En 2011, j’ai 25 ans et j’assiste la photojournaliste Donna Ferrato dans son travail sur les femmes battues de Rikers Island. Devant l’entrée de cette prison située sur une île entre le Bronx et le Queens, il y a une « agence de cautionnement ». Avec ses néons et ses photos d’identité judiciaire de célébrités en vitrine, elle m’intrigue. Dans Manhattan, Brooklyn, Chinatown, il y en a beaucoup d’autres, toujours à deux pas des commissariats.
Avec mes yeux d’Italienne, je peine à comprendre ce bout de système judiciaire américain où semblent se mêler crime et sécurité. Jusqu’à ce soir de 2012, où je rencontre Bobby Zouvelos, un Grec marrant de 2 mètres, dans un bar de Tribeca. Il bosse dans une de ces agences et m’explique tout ce que je dois savoir. Dès le lendemain, il me prête un gilet pare-balles et m’amène dans des barres d’immeubles grisâtres où il recherche un fugitif. C’est le début de ce projet qui va m’occuper deux ans et déboucher sur le livre Bail Bond: Bondsmen, Defendants and Bounty Hunters (Fabrica, 2014).
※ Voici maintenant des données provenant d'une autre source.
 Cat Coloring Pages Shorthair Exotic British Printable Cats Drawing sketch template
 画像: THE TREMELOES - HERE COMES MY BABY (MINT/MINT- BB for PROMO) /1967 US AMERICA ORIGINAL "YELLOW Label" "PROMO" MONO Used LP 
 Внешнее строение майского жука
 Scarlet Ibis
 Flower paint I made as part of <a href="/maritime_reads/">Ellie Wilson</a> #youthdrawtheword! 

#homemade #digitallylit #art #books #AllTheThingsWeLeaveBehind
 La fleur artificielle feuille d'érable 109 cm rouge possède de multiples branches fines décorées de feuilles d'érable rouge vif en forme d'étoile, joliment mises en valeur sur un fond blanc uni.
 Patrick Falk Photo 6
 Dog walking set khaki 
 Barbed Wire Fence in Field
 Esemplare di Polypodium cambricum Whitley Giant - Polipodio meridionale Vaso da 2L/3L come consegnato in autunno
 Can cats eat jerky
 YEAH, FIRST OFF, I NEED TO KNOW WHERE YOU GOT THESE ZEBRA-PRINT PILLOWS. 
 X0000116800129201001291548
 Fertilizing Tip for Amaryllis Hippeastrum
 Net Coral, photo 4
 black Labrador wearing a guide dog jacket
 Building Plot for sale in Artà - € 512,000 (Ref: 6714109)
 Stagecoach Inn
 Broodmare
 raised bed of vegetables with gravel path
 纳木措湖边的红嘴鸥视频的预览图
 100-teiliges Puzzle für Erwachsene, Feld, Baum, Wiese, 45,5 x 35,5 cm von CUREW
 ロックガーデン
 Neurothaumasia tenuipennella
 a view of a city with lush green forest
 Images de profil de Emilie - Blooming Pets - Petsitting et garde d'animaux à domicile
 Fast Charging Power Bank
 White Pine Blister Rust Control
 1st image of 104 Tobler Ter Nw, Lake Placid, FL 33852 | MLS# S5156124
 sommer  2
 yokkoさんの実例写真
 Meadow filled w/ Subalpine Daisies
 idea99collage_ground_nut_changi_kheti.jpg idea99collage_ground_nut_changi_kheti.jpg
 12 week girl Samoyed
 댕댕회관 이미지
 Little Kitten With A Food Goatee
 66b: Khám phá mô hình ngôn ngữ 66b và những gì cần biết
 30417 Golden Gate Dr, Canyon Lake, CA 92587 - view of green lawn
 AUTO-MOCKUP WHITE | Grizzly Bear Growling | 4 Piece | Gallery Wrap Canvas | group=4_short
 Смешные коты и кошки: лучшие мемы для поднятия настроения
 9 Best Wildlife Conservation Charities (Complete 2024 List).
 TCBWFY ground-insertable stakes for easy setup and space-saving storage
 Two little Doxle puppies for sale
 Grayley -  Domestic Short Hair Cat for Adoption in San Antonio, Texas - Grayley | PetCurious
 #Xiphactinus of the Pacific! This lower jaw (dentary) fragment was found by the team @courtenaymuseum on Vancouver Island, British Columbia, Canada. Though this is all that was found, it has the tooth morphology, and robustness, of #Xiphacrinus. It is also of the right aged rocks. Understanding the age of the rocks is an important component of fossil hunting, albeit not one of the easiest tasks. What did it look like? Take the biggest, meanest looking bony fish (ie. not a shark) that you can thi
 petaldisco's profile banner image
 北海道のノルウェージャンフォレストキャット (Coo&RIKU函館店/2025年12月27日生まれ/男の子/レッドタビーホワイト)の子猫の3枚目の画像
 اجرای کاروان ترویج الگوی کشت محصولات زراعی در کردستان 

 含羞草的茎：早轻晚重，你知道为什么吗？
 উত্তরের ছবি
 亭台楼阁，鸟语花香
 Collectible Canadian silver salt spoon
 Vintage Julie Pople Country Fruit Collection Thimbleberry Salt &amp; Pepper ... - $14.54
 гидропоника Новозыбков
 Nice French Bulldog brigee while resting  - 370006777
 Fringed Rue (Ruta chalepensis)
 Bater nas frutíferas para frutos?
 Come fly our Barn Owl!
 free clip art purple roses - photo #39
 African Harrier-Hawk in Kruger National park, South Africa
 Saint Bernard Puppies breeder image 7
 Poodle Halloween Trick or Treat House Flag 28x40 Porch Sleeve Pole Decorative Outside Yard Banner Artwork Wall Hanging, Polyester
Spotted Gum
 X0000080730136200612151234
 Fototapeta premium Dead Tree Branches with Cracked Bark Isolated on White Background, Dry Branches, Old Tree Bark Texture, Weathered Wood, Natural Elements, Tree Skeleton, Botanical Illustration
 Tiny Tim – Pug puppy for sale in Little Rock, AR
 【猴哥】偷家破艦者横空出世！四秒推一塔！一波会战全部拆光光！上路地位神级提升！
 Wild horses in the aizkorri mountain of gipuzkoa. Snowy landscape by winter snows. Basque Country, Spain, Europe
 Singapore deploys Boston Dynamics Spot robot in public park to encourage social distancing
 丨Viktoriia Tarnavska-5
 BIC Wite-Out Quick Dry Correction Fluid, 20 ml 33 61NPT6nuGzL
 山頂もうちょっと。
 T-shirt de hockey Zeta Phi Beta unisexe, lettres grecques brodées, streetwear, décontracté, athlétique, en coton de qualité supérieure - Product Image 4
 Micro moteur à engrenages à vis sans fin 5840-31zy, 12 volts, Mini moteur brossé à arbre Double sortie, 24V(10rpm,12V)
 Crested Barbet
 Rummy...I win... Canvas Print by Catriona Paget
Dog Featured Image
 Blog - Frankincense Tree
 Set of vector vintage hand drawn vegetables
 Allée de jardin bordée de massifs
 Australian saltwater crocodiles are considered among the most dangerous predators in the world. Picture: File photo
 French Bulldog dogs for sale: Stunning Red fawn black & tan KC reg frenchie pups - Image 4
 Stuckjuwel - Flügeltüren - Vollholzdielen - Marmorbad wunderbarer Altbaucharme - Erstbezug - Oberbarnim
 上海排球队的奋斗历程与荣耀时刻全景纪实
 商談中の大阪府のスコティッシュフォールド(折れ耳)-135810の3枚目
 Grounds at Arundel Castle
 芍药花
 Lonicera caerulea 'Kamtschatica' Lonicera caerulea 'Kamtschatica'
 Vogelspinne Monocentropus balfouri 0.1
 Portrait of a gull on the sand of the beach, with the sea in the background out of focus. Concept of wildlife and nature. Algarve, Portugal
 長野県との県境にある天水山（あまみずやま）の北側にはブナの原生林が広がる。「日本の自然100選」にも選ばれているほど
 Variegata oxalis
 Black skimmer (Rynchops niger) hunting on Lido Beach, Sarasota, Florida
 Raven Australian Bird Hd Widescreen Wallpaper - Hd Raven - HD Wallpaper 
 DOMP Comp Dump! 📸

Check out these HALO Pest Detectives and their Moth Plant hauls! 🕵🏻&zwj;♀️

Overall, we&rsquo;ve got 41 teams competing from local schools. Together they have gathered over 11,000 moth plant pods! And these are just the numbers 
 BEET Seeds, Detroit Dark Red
Bobby me présente son frère George, le boss, un personnage. La journée, c’est calme. La nuit, quand il traque les prévenus, l’ambiance est tout autre. On entre à la lampe de poche dans des appartements où on tombe parfois sur de la drogue, des traces de sang. À Baltimore, les chasseurs de prime ont le droit de porter des armes. D’ailleurs, il y a très peu de contrôle et des armes partout, ça me terrifie. Au début, j’ai peur, j’ai du mal à prendre des photos – sans parler du manque de lumière : beaucoup sont floues. Les proches des prévenus sont vulnérables, apeurés : ils pleurent parce que nous cherchons leur fils, leur petit-ami, leur frère. Ils mentent pour ne pas qu’on les retrouve. Et moi, je dois demander des autorisations de publication pour mes photos. Je suis mal à l’aise mais assez surprise : la plupart acceptent sans poser de question. En fait, tout le monde est assez content de se montrer.